Abstract
Objective: This study was to determine the reliability of age-stratified diagnostic index in differential diagnosis of malignant and benign solitary lesions in the liver using fluorine-18 fluorodeoxyglucose positron emission tomography/computed tomography (18FDG PET/CT).
Methods: The enrolled 272 patients with solitary lesions in the liver were divided into three age groups, younger group (under 50 years), middle-aged group (50-69 years), and elderly group (70 years and above). Patients' ages were compared, and the optimal cut-offs of the standard uptake value (SUV) ratio (tumor-to-non-tumor ratio of the SUV), as well as areas under the curves (AUC), were evaluated in terms of malignant and benign lesions in each age group by using receiver operating characteristic (ROC) analysis. Based on optimal cut-offs, the sensitivity, specificity, accuracy were calculated, and the diagnostic accordance rate was compared between each age group and all patients, supported by 18FDG PET/CT imaging data.
Results: There was a significant age difference between the malignant and benign groups (t=3.905 p=0.0001).
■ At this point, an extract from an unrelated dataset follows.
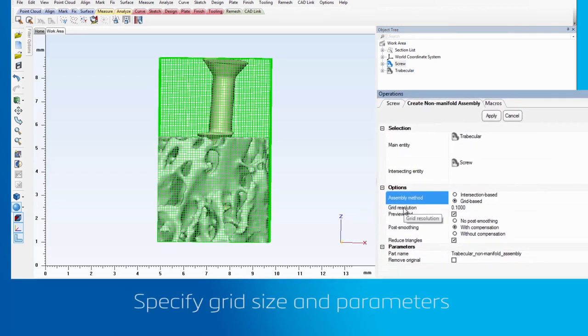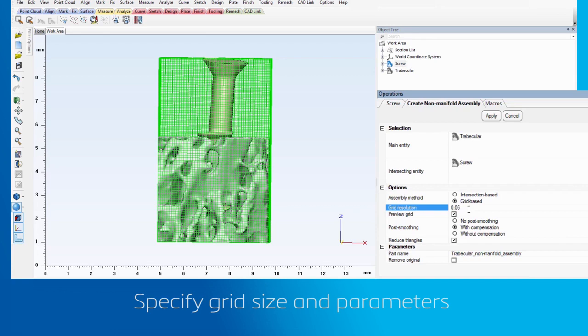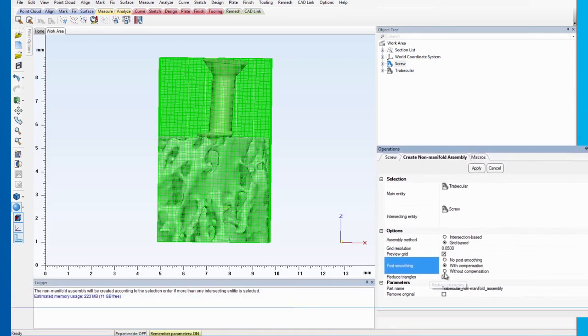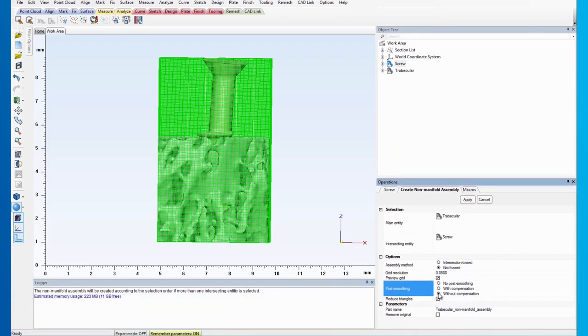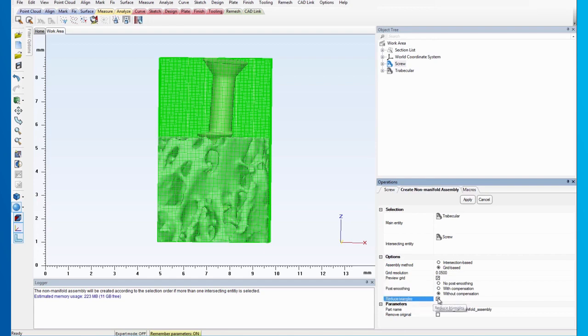For the assembly method, we will use a grid base with a grid resolution of 0.05 mm. Set Post Smoothing to Without Compensation and uncheck the Reduce Triangles option. Apply the operation.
ROC analysis showed that the optimal cut-off value in all patients, younger group, middle-aged group and elderly group was 1.25, 1.17, 1.45 and 1.25 for SUVratio, and 0.856, 0.962, 0.650, 0.973 for AUC. The chi-square test proved that diagnostic accordance rate of 18FDG PET/CT in younger group and elderly group were superior to that in all patients (χ2=13.352, P=0.0003) and (χ2=8.494, P=0.0036). Conversely, overall diagnostic accordance rate in all patient group was higher than that in middle-aged group (χ2=9.057, P=0.0026). Representative 18FDG PET/CT imaging findings are demonstrated.
Conclusion: This study indicates that diagnostic optimal cut-offs of SUVratio of liver solitary lesions of 18FDG PET/CT were different in each age group. In addition, the diagnostic performance of SUVratio was better in younger and elderly groups than that in all patients, and was poorer in middle-aged group than that in all patients. Therefore, age difference appears to be one of the important factors for discriminating malignant liver lesions from benign ones using 18 FDG PET/CT.
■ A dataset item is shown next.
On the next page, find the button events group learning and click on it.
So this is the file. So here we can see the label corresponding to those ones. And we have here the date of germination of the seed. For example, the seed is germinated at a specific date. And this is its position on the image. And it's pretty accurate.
Keywords: Positron emission tomography/computed tomography (PET/CT), Standardized up take value (SUV), Solitary hepatic lesion, Age-related.
Introduction
Discrimination between a benign tumor and a malignant one in the liver is an essential clinical problem. The most commonly found benign tumors in the liver are cysts, cavernous hemangioma, focal nodular hyperplasia, adenoma, fatty infiltration and regenerative nodules, followed by less common lesions such as liver abscess and angiomyolipoma. In terms of liver malignancies, metastases from various primary lesions to the liver occur 20 times more often than primary hepatocellular carcinomas (HCCs) and are often multifocal. Although many tumors may metastasize to the liver, the most common primary malignant tumors producing liver metastases are colorectal, gastric, pancreatic, lung and breast carcinomas, and 90% of them as well as HCCs and cholangiocarcinoma originate from epithelial cells.
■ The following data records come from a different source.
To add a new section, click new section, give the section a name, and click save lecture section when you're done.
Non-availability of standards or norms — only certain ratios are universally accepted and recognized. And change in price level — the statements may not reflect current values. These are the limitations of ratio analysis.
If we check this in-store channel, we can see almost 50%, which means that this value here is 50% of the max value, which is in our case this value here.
One viable imaging modality applied for differential diagnosis liver tumors is fluorine-18 fluorodeoxyglucose (18FDG)-positron emission tomography/computed tomography (PET/CT). There are three patterns of 18FDG uptake among HCCs, i.e. 18FDG uptake higher, equal to, or lower than background liver 18FDG uptake in 55%, 30%, and 15% of the patients respectively. All benign tumors including focal nodular hyperplasia, adenoma, and regenerative nodules, demonstrate 18FDG uptake at the same level as that in normal liver, except for null uptake in hepatic cyst and high uptake in rare abscess with granulomatous inflammation 1-3. Studies have shown the usefulness of 18FDG-PET for liver lesion characterization, assessment of therapeutic responses and prediction of outcomes 4, 5 with sensitivity greater than 90% for malignant primary hepatic neoplasms and all metastatic liver tumors 3. Whereas, other reports showed that the sensitivity of 18FDG-PET was only 50-55% in patients with HCCs, primarily because of their high rate of gluconeogenesis comparable to that of normal liver tissue, resulting in a similar uptake of 18FDG 6-8. On the other hand, normal liver shows high intrahepatic activity of glucose-6-phosphatase enzyme that dephosphorylates FDG-6-P, decreases its intracellular trapping, and lowers radiotracer accumulation. By contrast, some low- and intermediate-grade or well differentiated HCCs do not retain this feature, resulting in intense 18FDG activity retention in cancer lesions as compared with healthy liver tissue. Furthermore, this enzymatic activity is impaired in high-grade or poorly differentiated HCCs, and usually such lesions can be detected as hypermetabolic spots on 18FDG PET/CT.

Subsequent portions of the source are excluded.